O Estado social, como está na moda dizer, é parcialmente uma ficção. O primeiro a ser cortado nos dias difíceis, pois não consta que as crises sejam muito más para os ricos. Aliás, veja-se as soluções deste governo: cortes nas prestações sociais dos pobres, aumento de impostos para a classe média, reduções nos salários dos funcionários públicos, com excepções para alguns instalados.

Isto surge após dez anos de coerente estagnação económica, com taxas de crescimento limitadas, o que explica um desemprego elevado e alta precariedade, mesmo descontado um efeito emigração que alguns sociólogos dizem ser comparável ao dos anos 60. A economia não cria empregos, por isso muitos jovens estão desempregados. A alternativa é despedir os "conformados" e contratar os jovens. Julgo que esse cenário está escrito nas estrelas, pois os empresários abusaram dos mecanismos dos recibos verdes, que tornam demasiado caro manter um contratado, já que à porta da empresa estão dez que aceitam trabalhar por metade do salário, pagando o próprio trabalhador a segurança social, dinheiro que a empresa poupará. Passa a ser um acto racional de gestão mandar o trabalhador antigo para a fila de desemprego, pois ele tornou-se demasiado caro. Perde-se conhecimento, é um facto, mas compensa a curto prazo, num contexto de aperto financeiro.

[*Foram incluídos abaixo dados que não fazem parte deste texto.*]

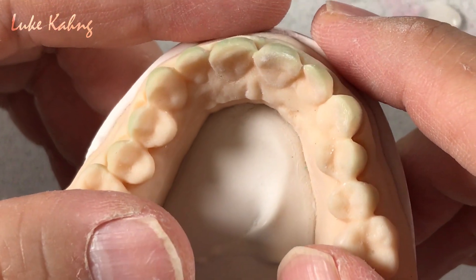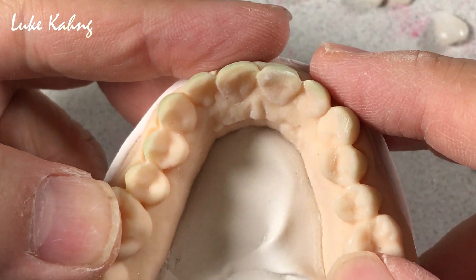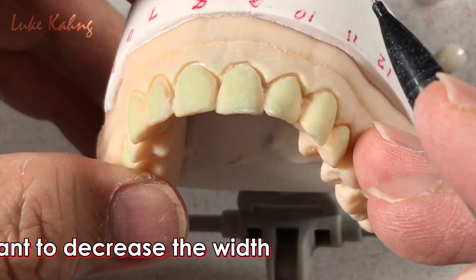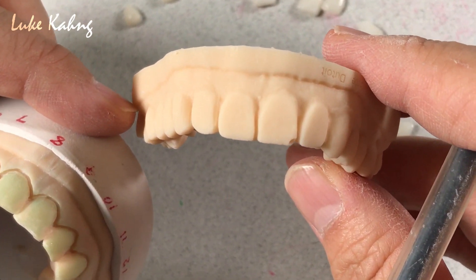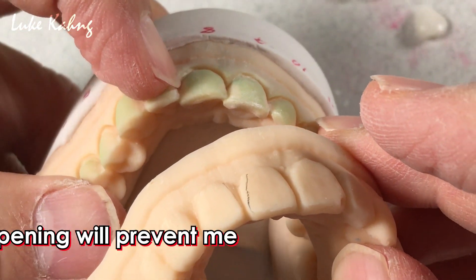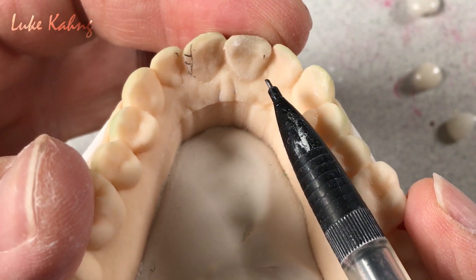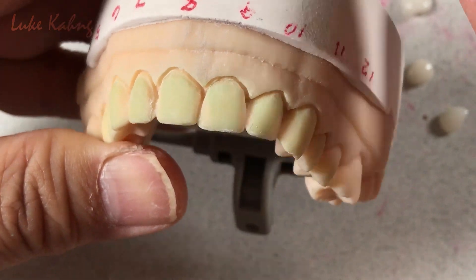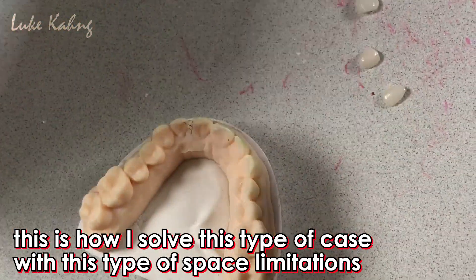This is the no-prep veneers. I would like to show you how to finish the no-prep veneers. I wish I could get some break from the tooth. Then I can decrease the no-prep veneers, just like the no-prep veneers. The problem is this area — I am trying to decrease the no-prep veneers. I would like to show you how to fabricate it from all these no-prep veneers.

Aqui, não há bons e maus, mas leis erradas ou injustas. E, sinceramente, não percebo qual possa ser a vantagem de um mundo onde os trabalhadores perderam todos os direitos.

Até nas deslocalizações a Alemanha foi mais prudente, já que as fez de forma limitada, sobretudo para o leste da Europa, mas mantendo o essencial da mão-de-obra caseira. Em Portugal, o processo é diferente, parece haver uma corrida para o abismo, para a competição com a China, para os salários baixos e os custos reduzidos. As empresas estão financeiramente estranguladas e cortam no desenvolvimento de novos produtos. Abandonam-se indústrias e sectores inteiros, retiram-se privilégios. Ninguém fala em qualidade, mas apenas em cortar, cortar, cortar.

 

Estes problemas não são de uma geração, mas de todos os portugueses. A nossa sociedade está numa espécie de beco sem saída, mergulhada em discussões estéreis, entretida a observar a espuma superficial dos problemas.

No caso, eles só podem ser resolvidos por um esforço conjunto de todas as gerações e não inventando conflitos geracionais que não existem. É necessário criar um mercado de arrendamento sem colocar os velhinhos a dormir debaixo das pontes; modernizar a legislação laboral sem trocar empregos seguros por empregos precários; reformar a segurança social sem destruir os mecanismos de solidariedade; mudar o modelo económico criando emprego qualificado e competitivo.

As pessoas precisam de trabalhar por alguma coisa, por exemplo, para terem uma vida melhor.